Pictures with short captions
★ ★ ★

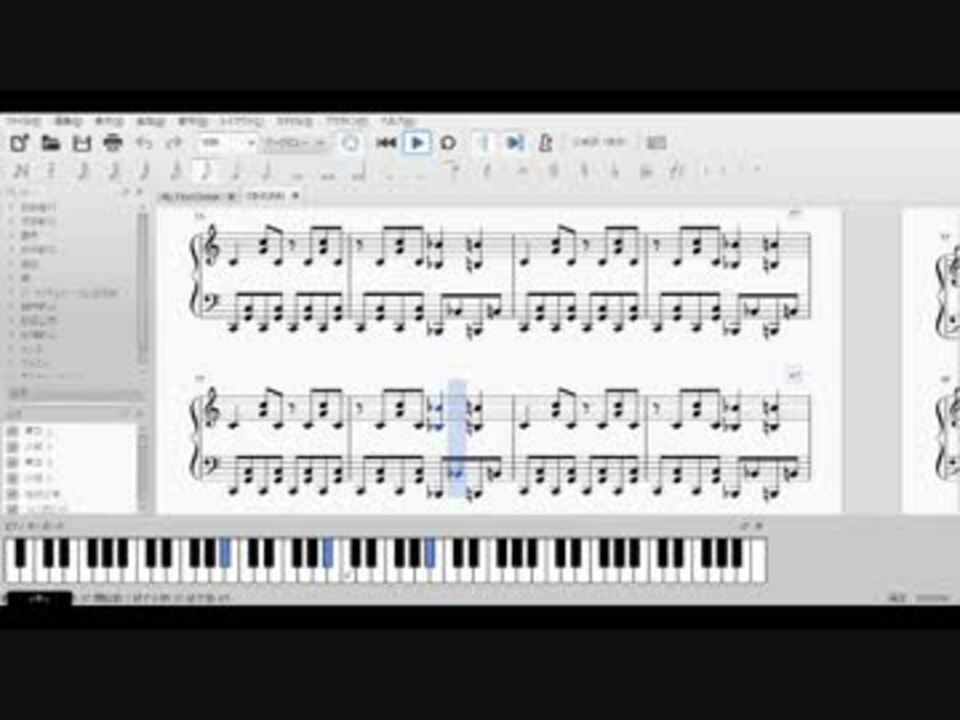 人気の Kikkunのテーマ 動画 31本 ニコニコ動画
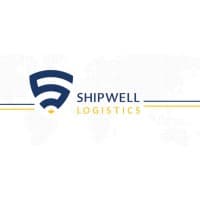 SHIPWELL LOGISTICS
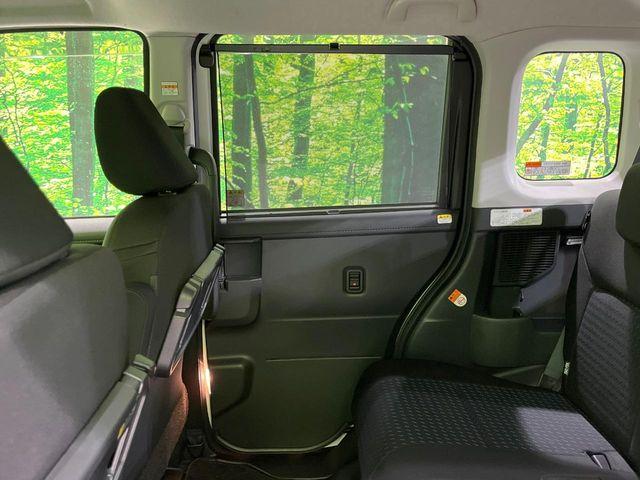 ルーミー（新潟県長岡市）画像50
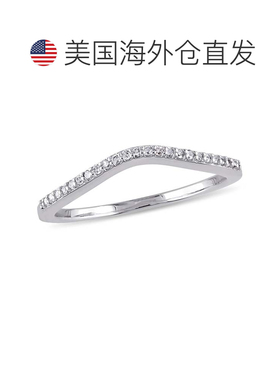 自营mimi & max 女士 戒指 美国奥莱直发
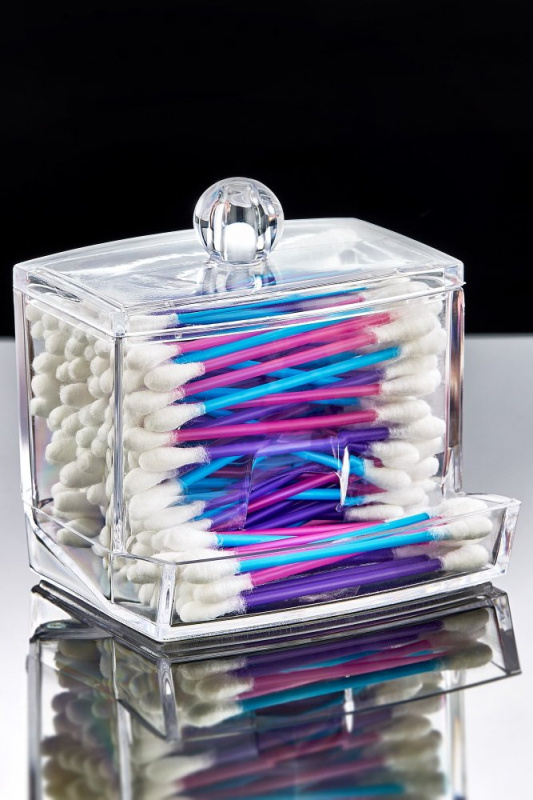 Desk Organizer FT - 004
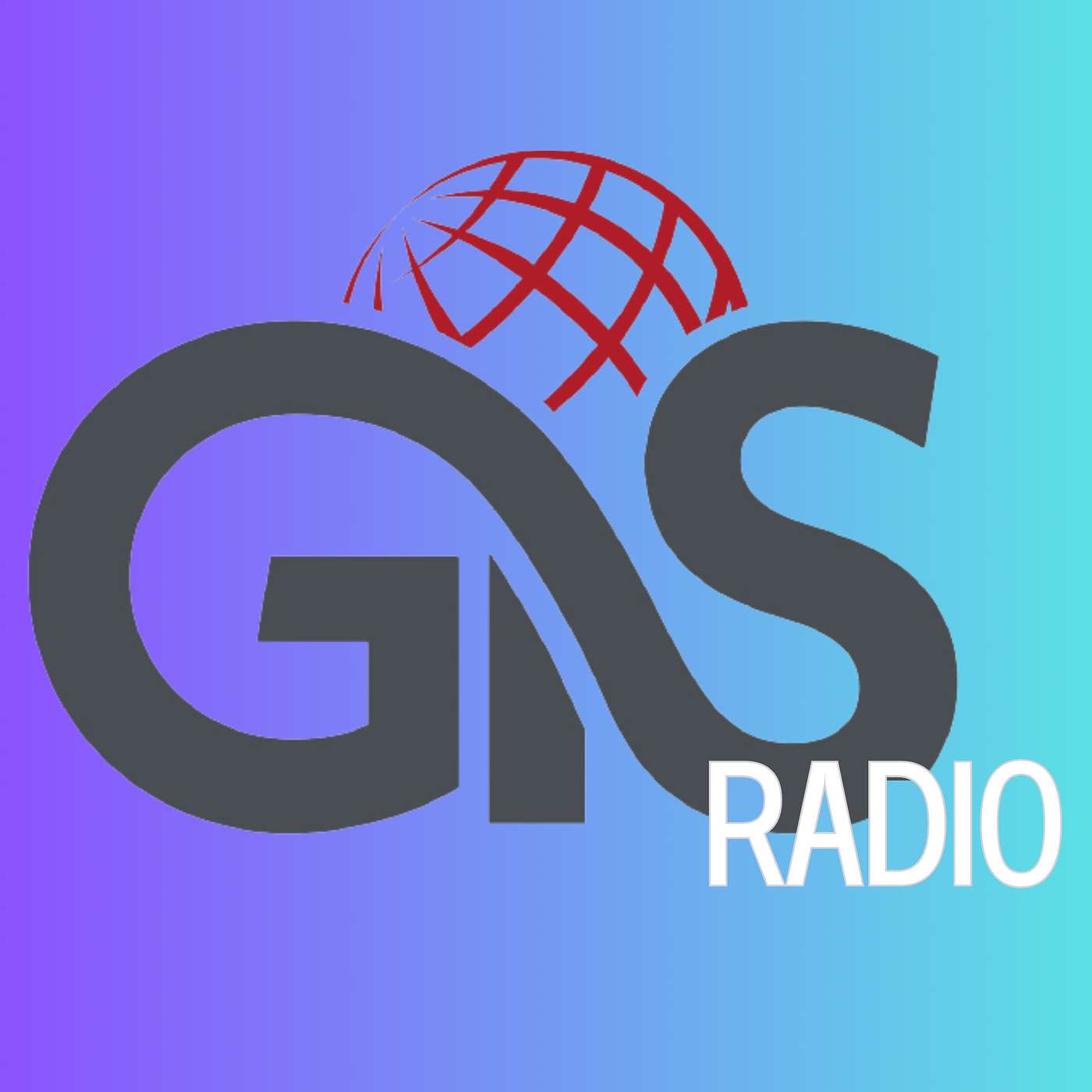 GIS Radio: China-U.S. trade conflict risks full-on economic decoupling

★ ★ ★

◆ What is needed: With images left out, the data must be transcribed exactly.

◆ Task solution:
 人気の Kikkunのテーマ 動画 31本 ニコニコ動画
 SHIPWELL LOGISTICS
 ルーミー（新潟県長岡市）画像50
 自营mimi & max 女士 戒指 美国奥莱直发
 Desk Organizer FT - 004
 GIS Radio: China-U.S. trade conflict risks full-on economic decoupling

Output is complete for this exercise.